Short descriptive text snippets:
++++++++

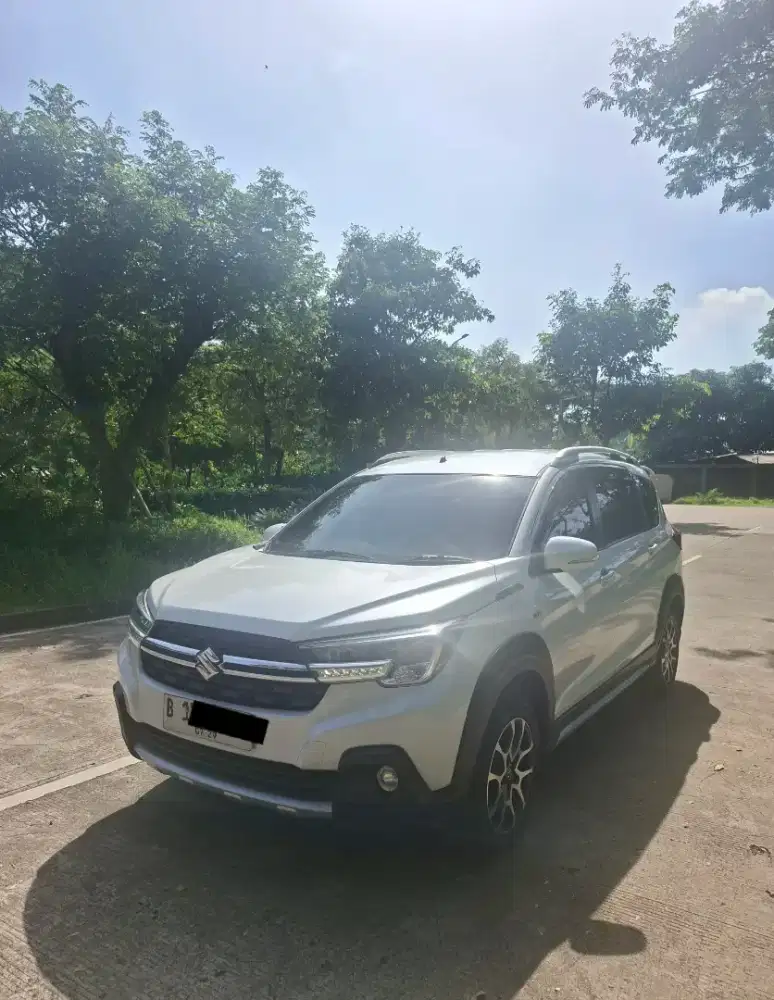 (Harga Cash) Suzuki XL7 Zeta AT NIK 2022 Putih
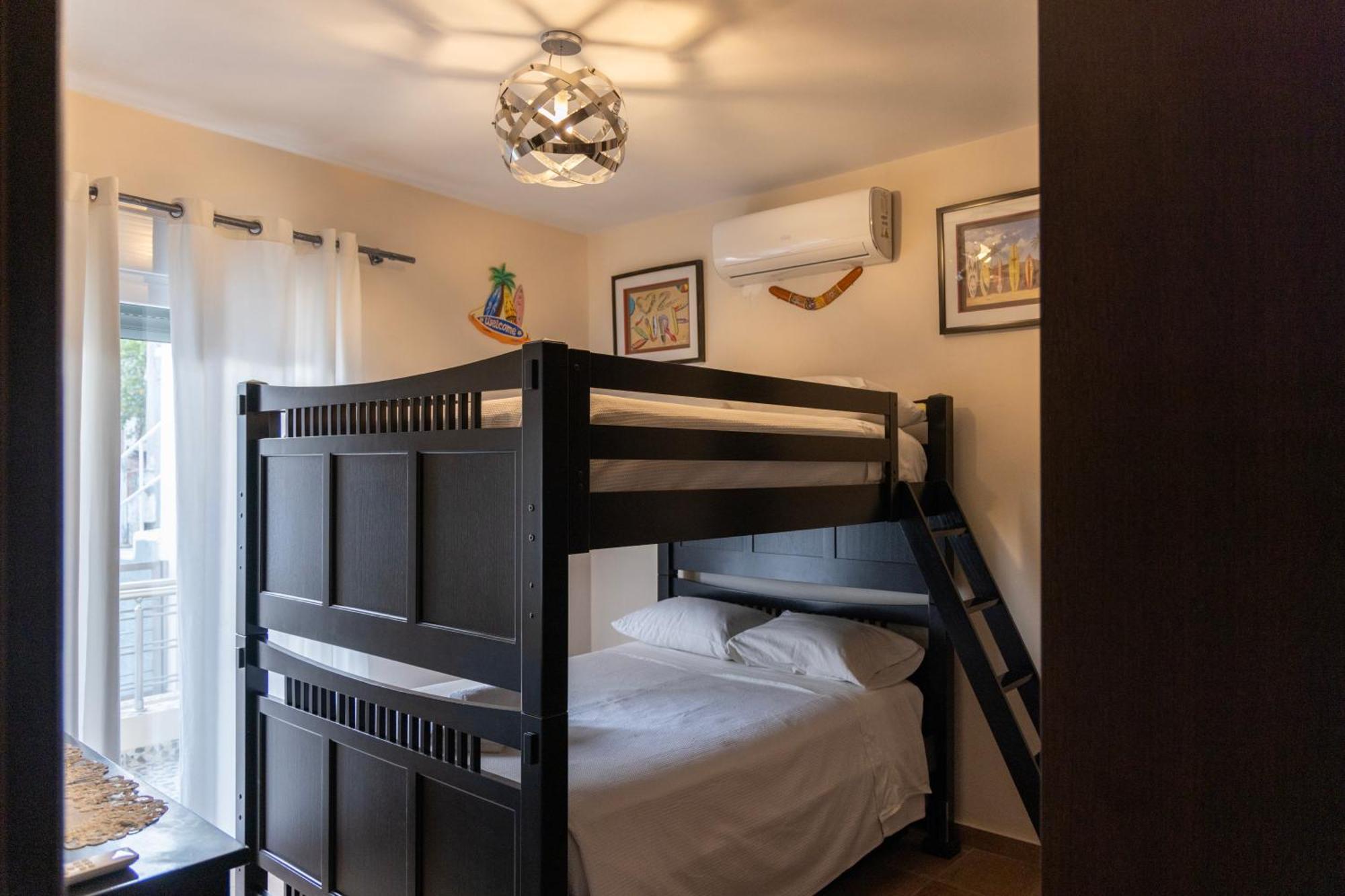 Limani Lux Apartments Карпатос Стая снимка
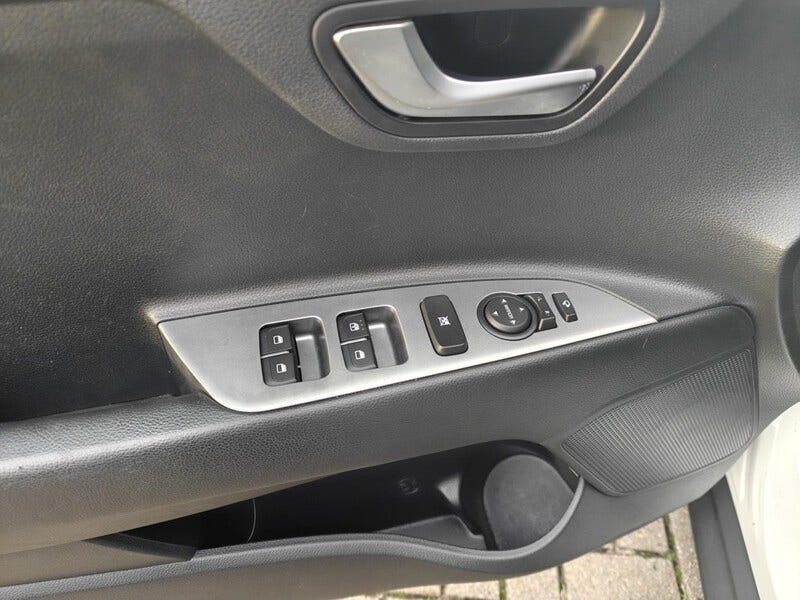 Kia Stonic (8)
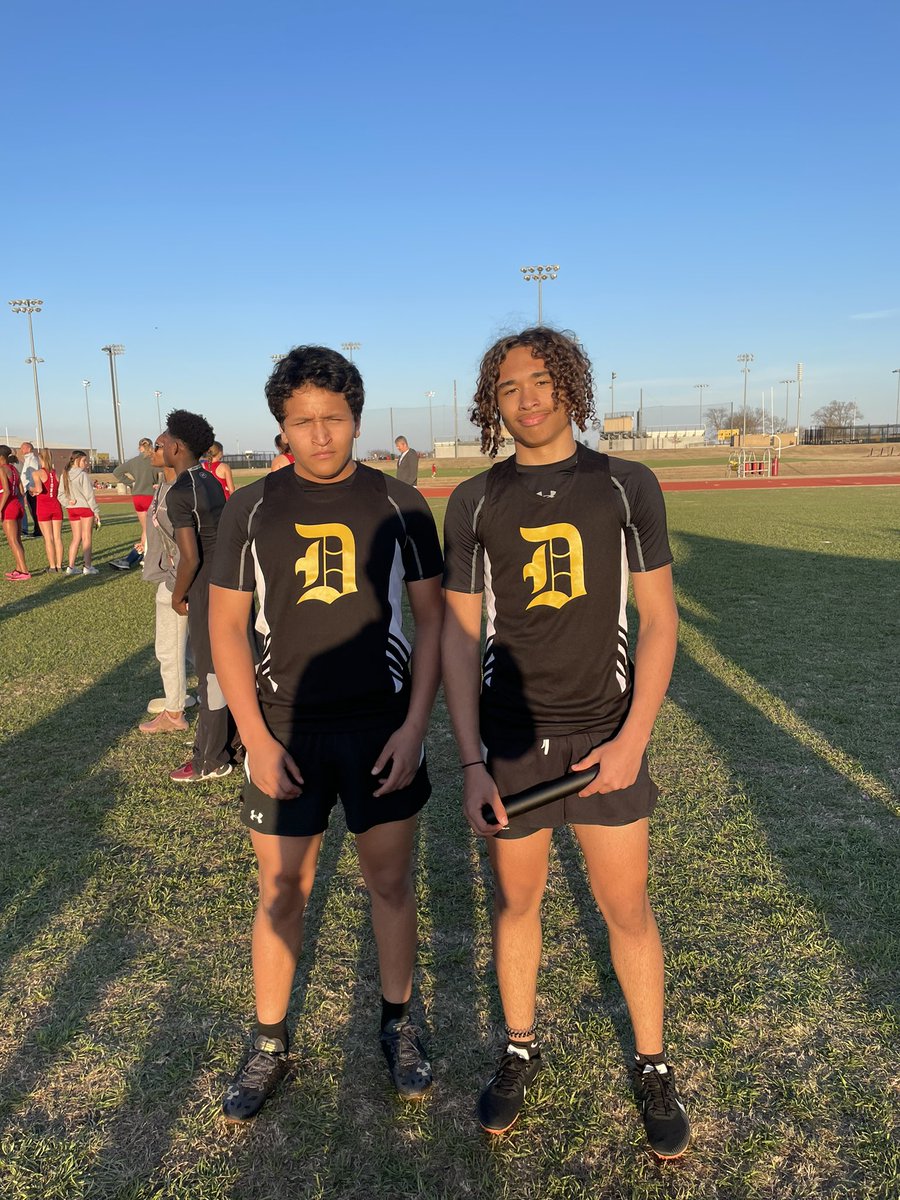 Coachclintburns's tweet photo. @RomanHenderson0 (heat winner) and @zayne45979172 rolling in the 100m dash tonight. The work they are putting in is paying off! https://t.co/k168ZwWyMj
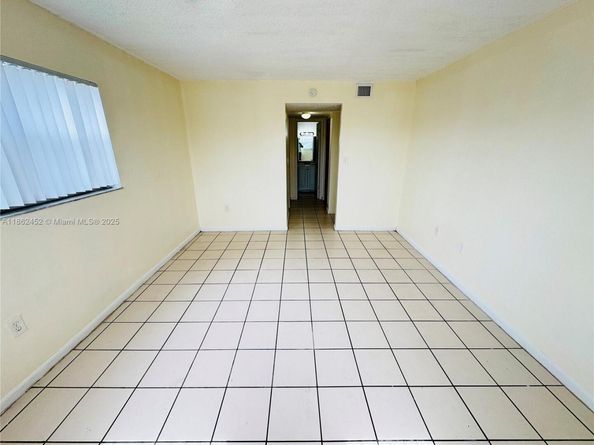 3610 NW 21st St 205, Lauderdale Lakes FL 33311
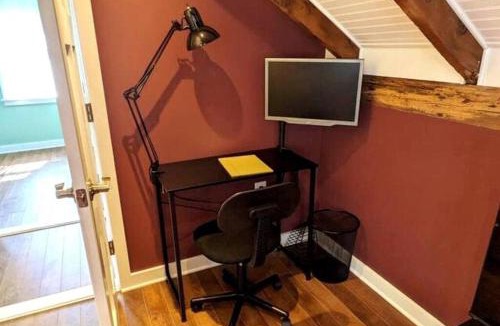 Downtown Buffalo House | Walkable Elmwood Cottage, No Chores 4Bath 4BR 4Car
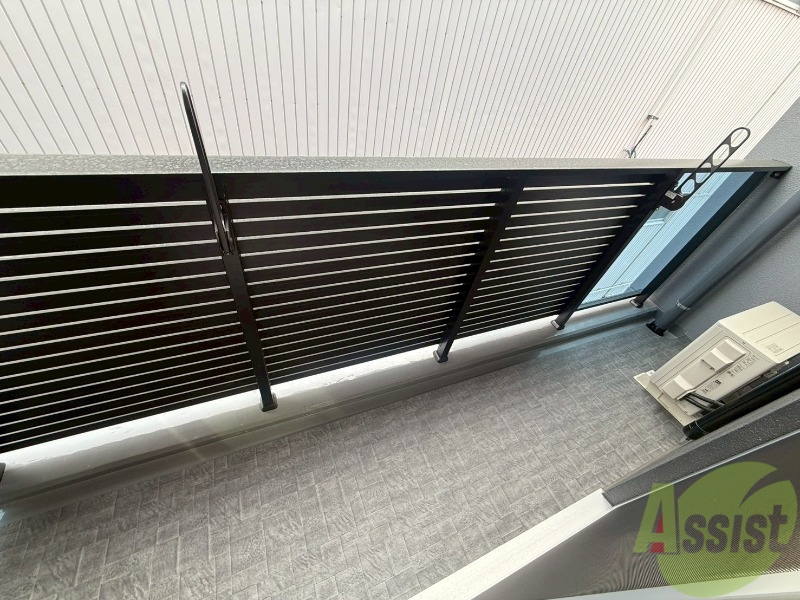 バルコニー　バルコニーは長さも幅もちょうどいい広さでした。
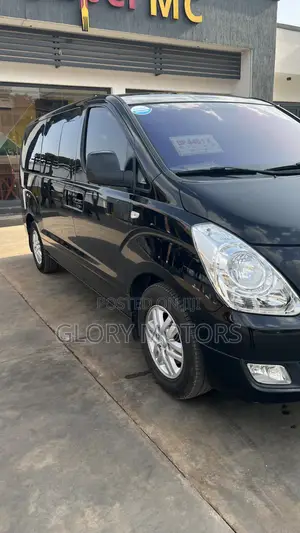 Hyundai Starex 2017 Black
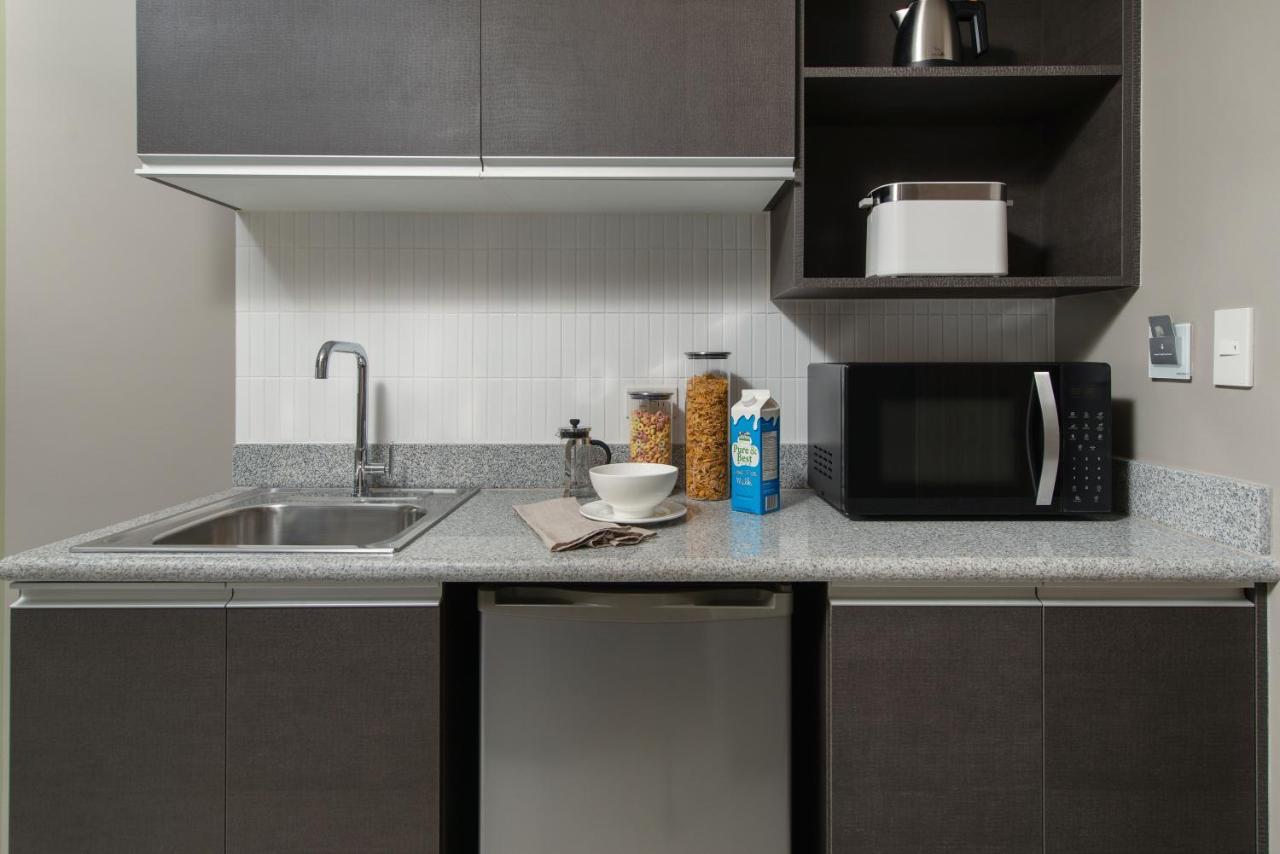 The Suites At Torre Lorenzo Malate - Managed By The Ascott Limited Манила Экстерьер фото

++++++++

Leaving the pictures aside, transcribe exactly the lines from the one containing "Limani Lux Apartments Карпатос Стая снимка" to the final line of the entries above, both ends included.

Finished task:
 Limani Lux Apartments Карпатос Стая снимка
 Kia Stonic (8)
 Coachclintburns's tweet photo. @RomanHenderson0 (heat winner) and @zayne45979172 rolling in the 100m dash tonight. The work they are putting in is paying off! https://t.co/k168ZwWyMj
 3610 NW 21st St 205, Lauderdale Lakes FL 33311
 Downtown Buffalo House | Walkable Elmwood Cottage, No Chores 4Bath 4BR 4Car
 バルコニー　バルコニーは長さも幅もちょうどいい広さでした。
 Hyundai Starex 2017 Black
 The Suites At Torre Lorenzo Malate - Managed By The Ascott Limited Манила Экстерьер фото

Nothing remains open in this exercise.